Tale obbligo di mantenimento non può essere eterno. Allo stesso tempo i genitori non devono danneggiati economicamente da tale dovere. Esso viene meno quando il proprio figlio è iscritto all'università ma sia nel contempo un prestatore di lavoro part-time, così come affermato nella sentenza del 11 giugno 2020 n. 11186 della Corte di Cassazione sezione VI. Un altro caso in cui si esclude il dovere a carico del genitori emerge quando il soggetto, dopo aver terminato gli studi e superato l'esame di abilitazione con successiva iscrizione all'albo, inizi ad esercitare la libera professione.

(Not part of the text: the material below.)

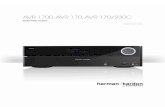 AVR 1700, AVR 170, AVR 170/230C - Harman Kardon · the AVR 1700, AVR 170, AVR 170/230C Owner’s Manual. Place the Receiver • Place the AVR on a firm and level surface. Be certain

Quindi, si applica il principio di auto responsabilità a capo del figlio maggiorenne ; nella prospettiva in cui egli è posto nella concreta possibilità di poter divenire indipendente sotto il profilo economico, ma non pone in essere azioni volte a raggiungere l'autosufficienza colpevolmente, il diritto al mantenimento viene meno, così come affermato dalla Cassazione civile sez. VI nella sentenza del 9 ottobre 2020 n. 21752.